**Brief**.
Exactly as they stand, repeat the lines from the one containing "bolsa Michael Kors" through the final line of the listing, both ends included, and nothing else; skip the pictures.

**Recorded data**.

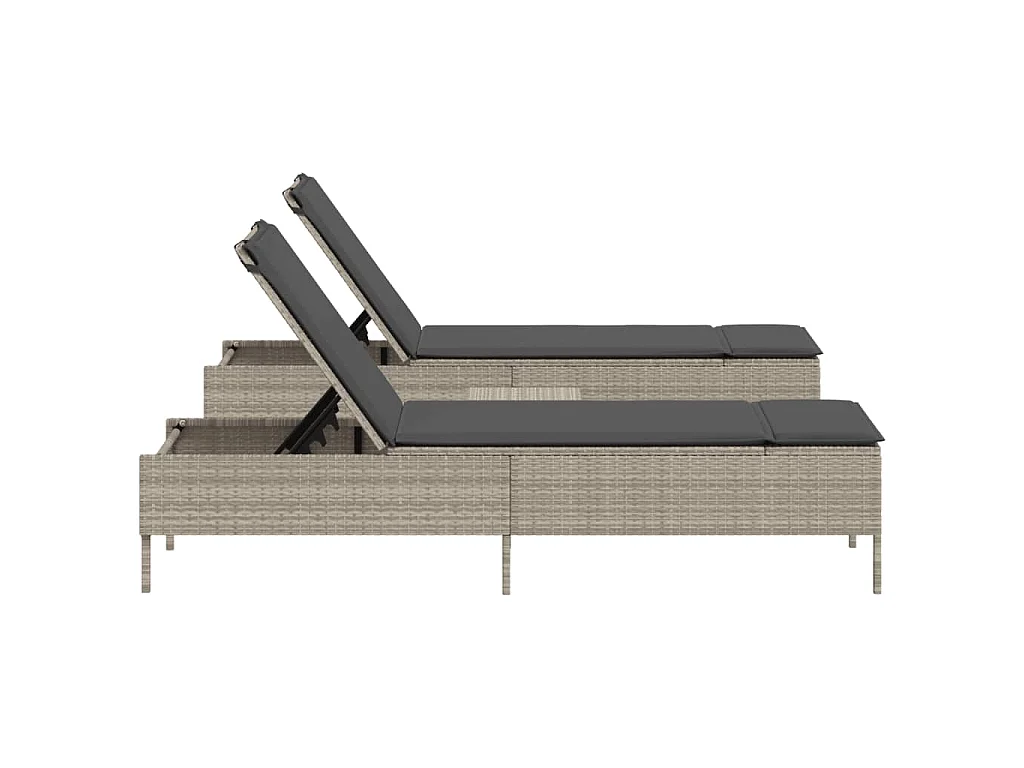 3-delige Ligbeddenset met kussens poly rattan lichtgrijs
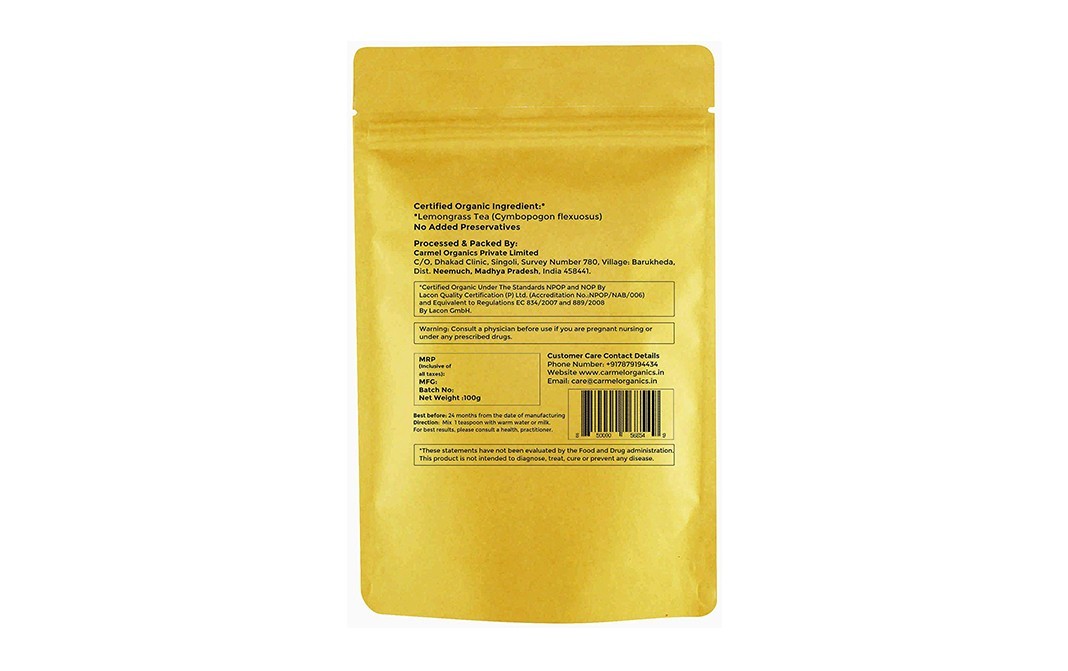 Carmel Organics Lemongrass Tea    Pack  100 grams
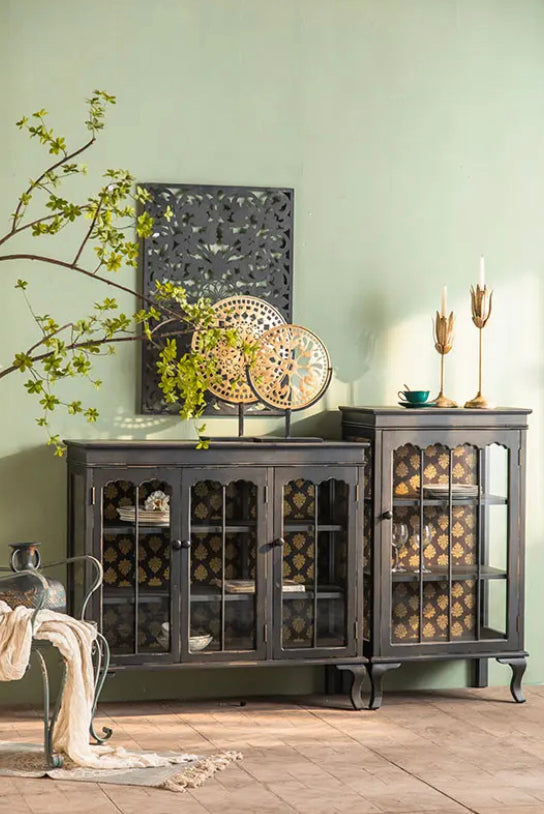 Retro Design Living Room Console Furniture Black Wood Glass Doors Sideboard Buffet Accent Cabinet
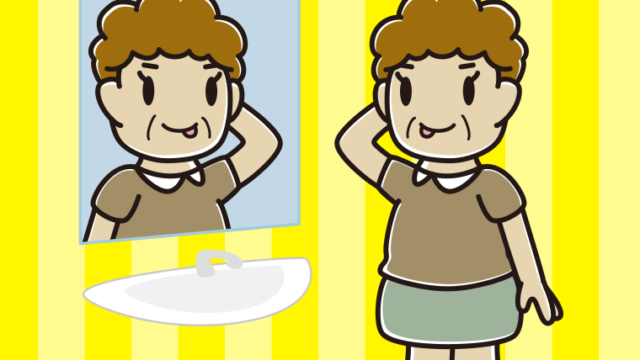 鏡を見てテヘヘなおばさんのイラスト【色、背景あり】PNG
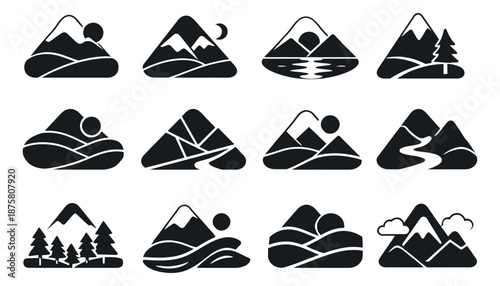 Minimalist graphic mountain landscape icon set featuring various natural scenes with peaks, sun, moon, water, and trees for branding, logos, or web design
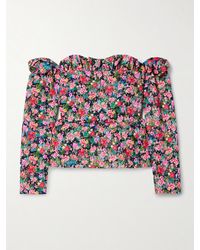 Kika Vargas - Jacqueline Off-The-Shoulder Floral-Print Woven Peplum Top - Lyst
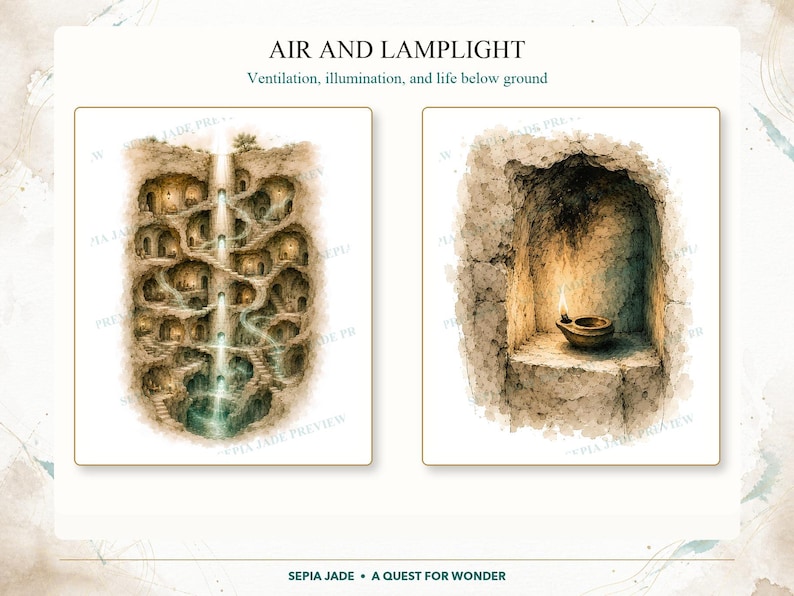 May include: Two illustrations titled AIR AND LAMPLIGHT: Ventilation, illumination, and life below ground. The left shows a multi-level underground dwelling with a central waterfall. The right shows a lit oil lamp inside a stone alcove.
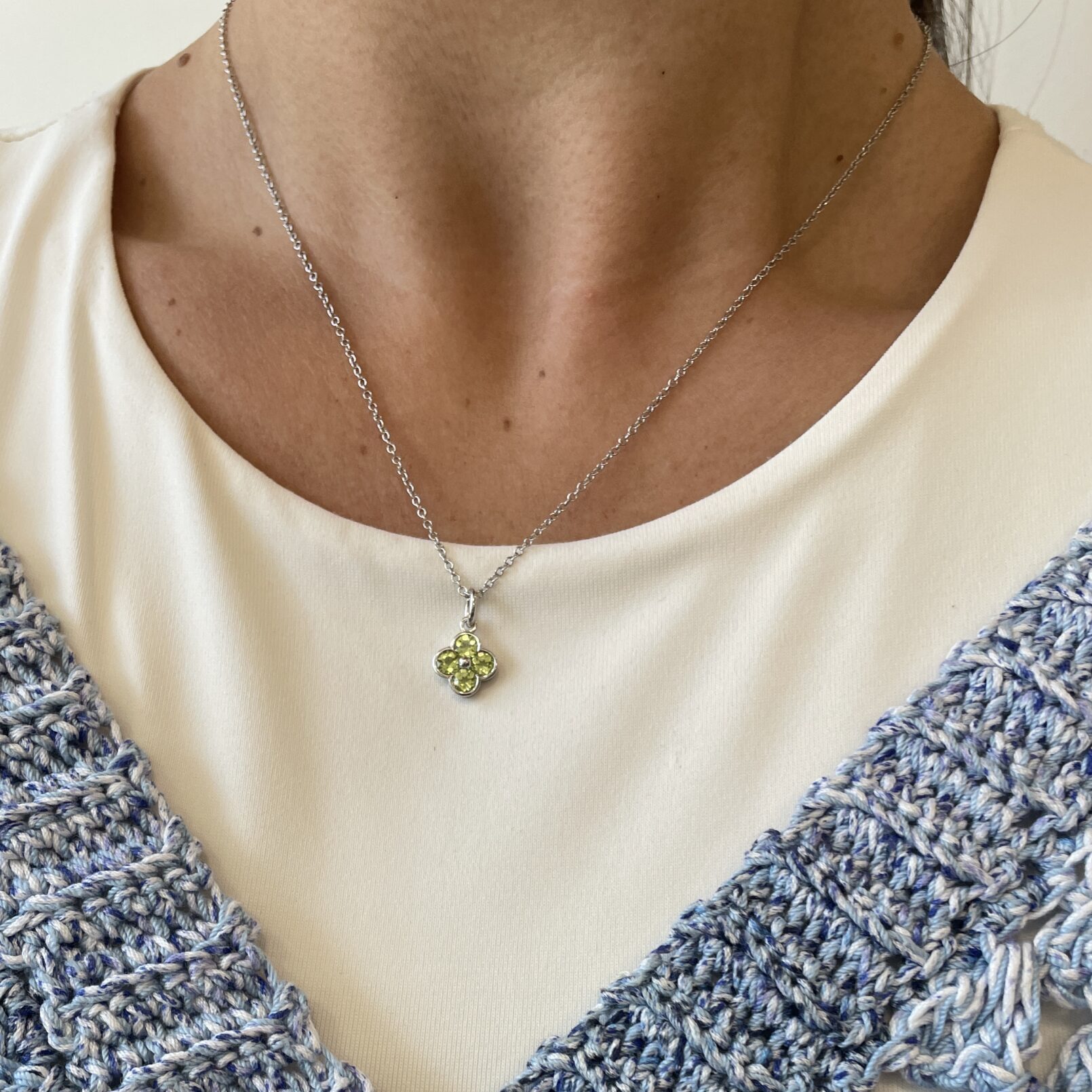 Sterling Silver Clover Gemstone Pendant Necklace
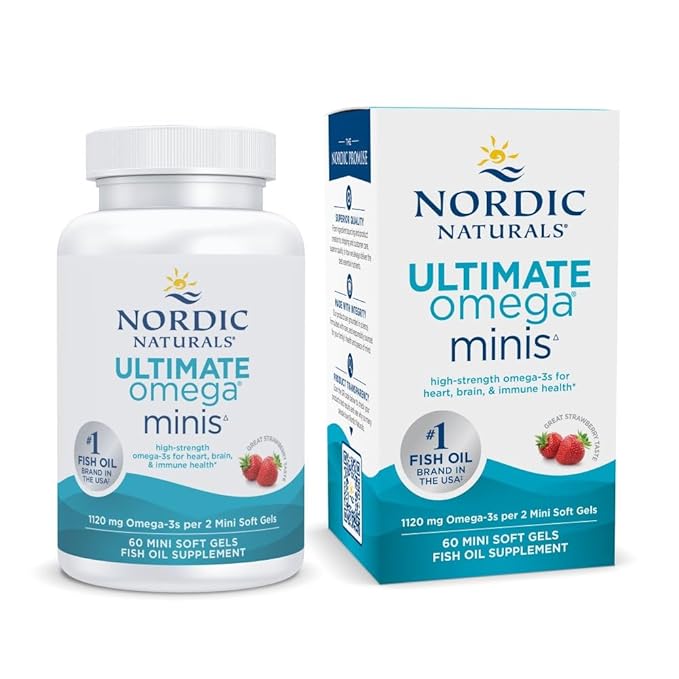 Nordic Naturals Ultimate Omega - Minis 1120 Mg Omega 3 Fish Oil Supplement EPA & DHA | Optimum Wellness & Heart Health | Strawberry Fish Oil For Men And Women | 60 Mini Softgels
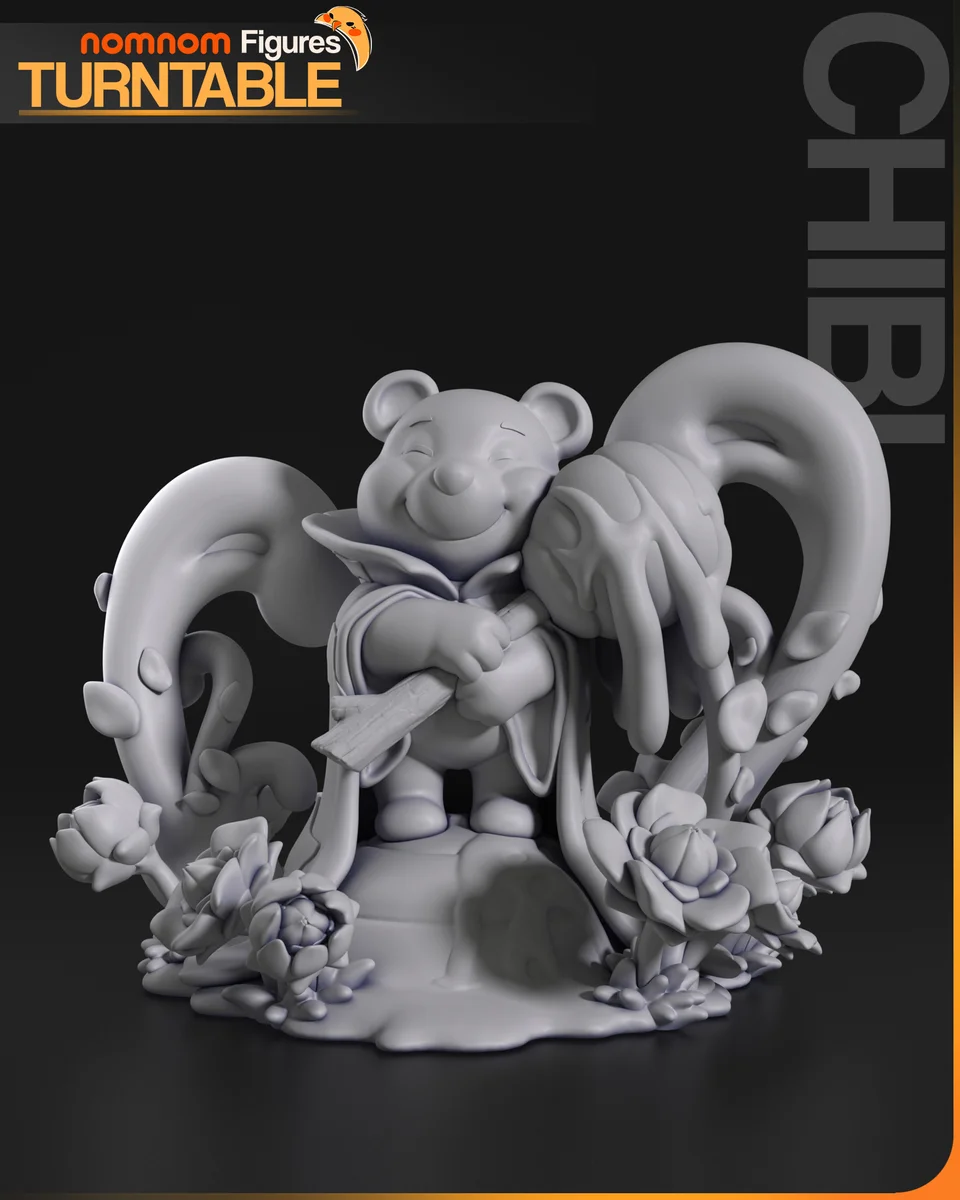 Chibi Pooh | Fan Art | 3D Printed Resin Model Garage Kit | *Un-Painted* | Nomnom 8
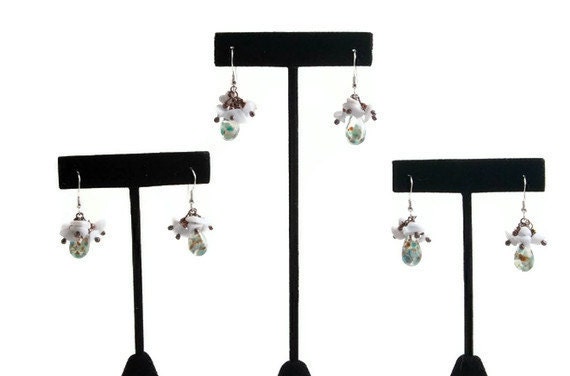Blue Bridesmaid Earrings Agate Art Glass and Sterling Silver Set of 3 pairs - Ocean Wave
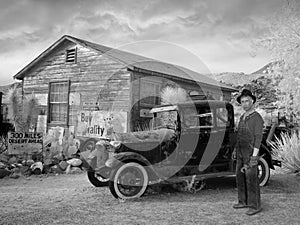 Vintage Ford Car, Great Depression, Farmer, Farm photo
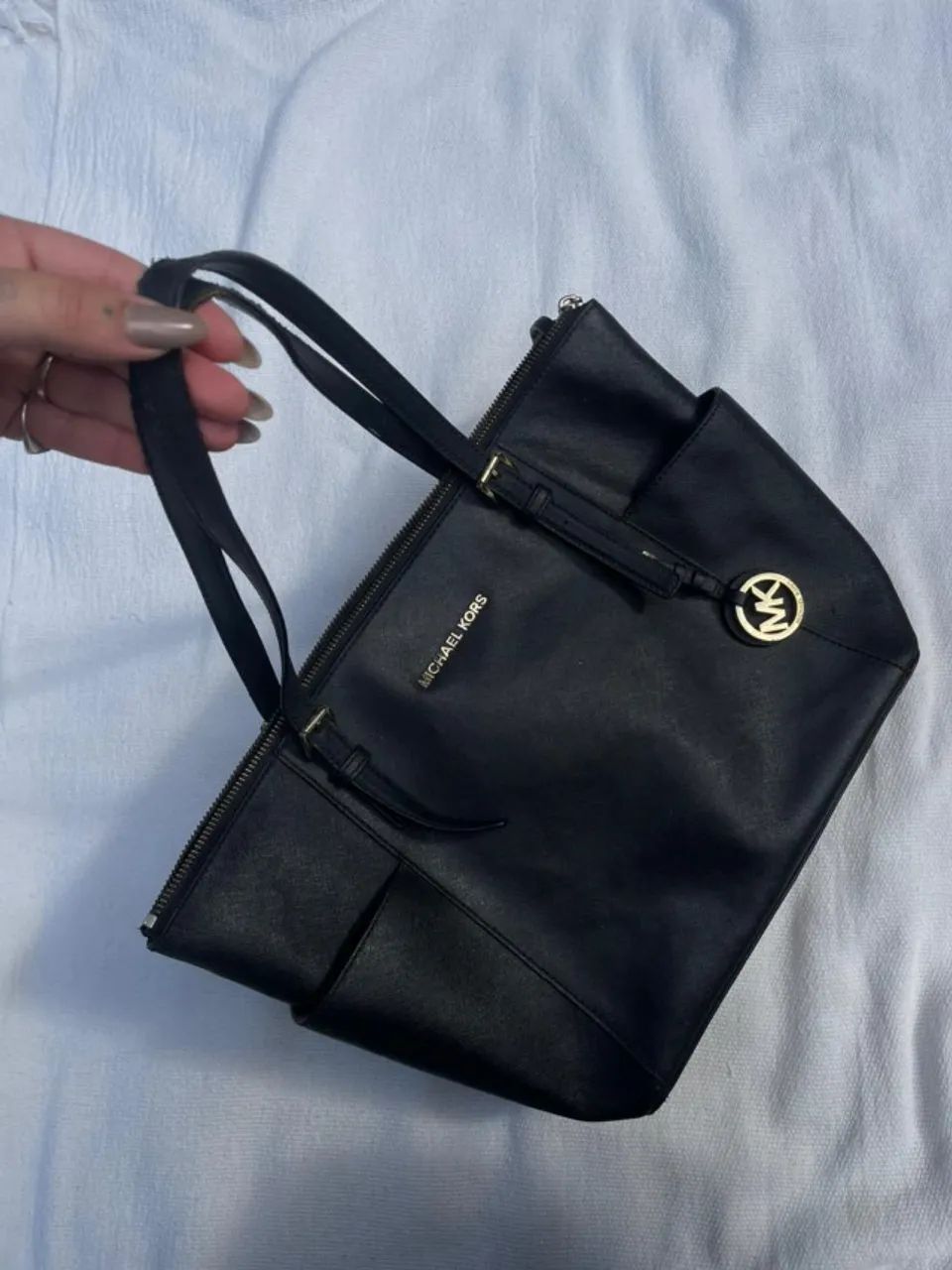 bolsa Michael Kors Tote Jet Set Grande De Couro- original - Foto 2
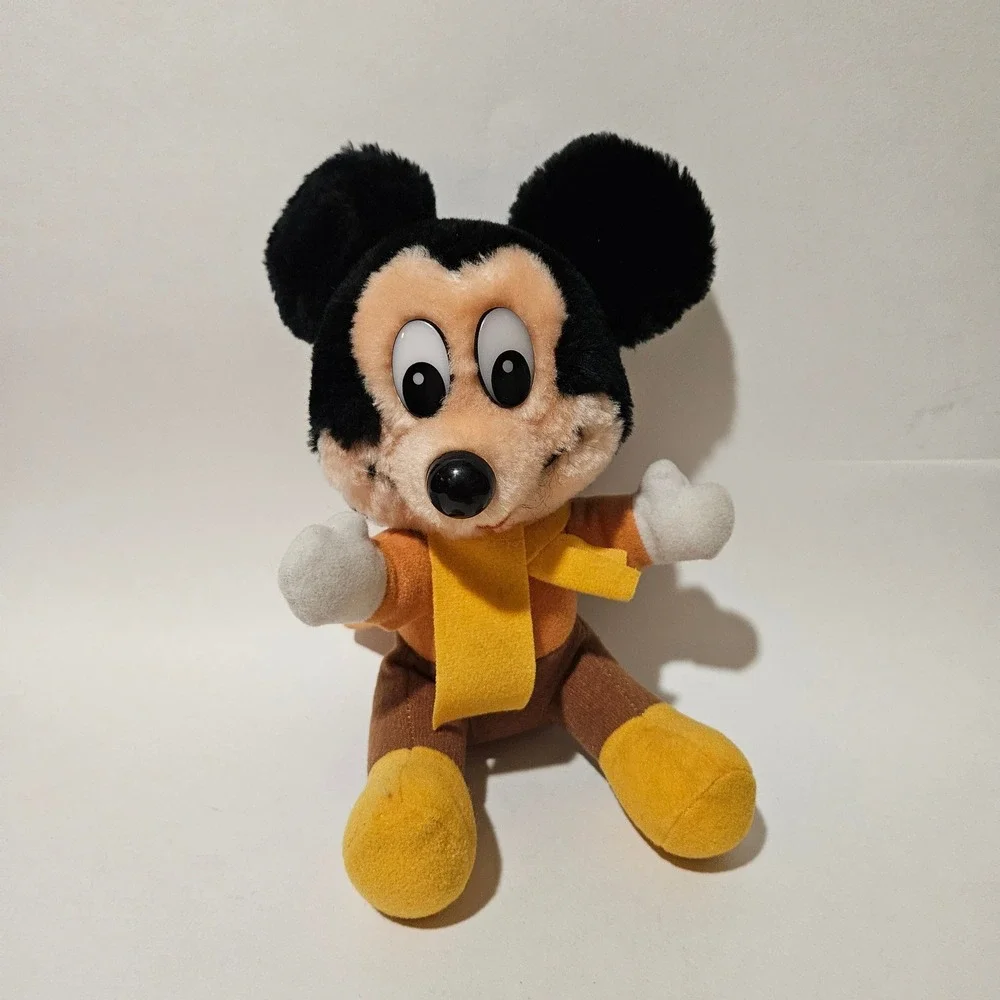 Vintage Mickey Mouse Christmas Carol Bob Cratchit Plush Disney Korea 7.5 inch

**Solution below**.
 bolsa Michael Kors Tote Jet Set Grande De Couro- original - Foto 2
 Vintage Mickey Mouse Christmas Carol Bob Cratchit Plush Disney Korea 7.5 inch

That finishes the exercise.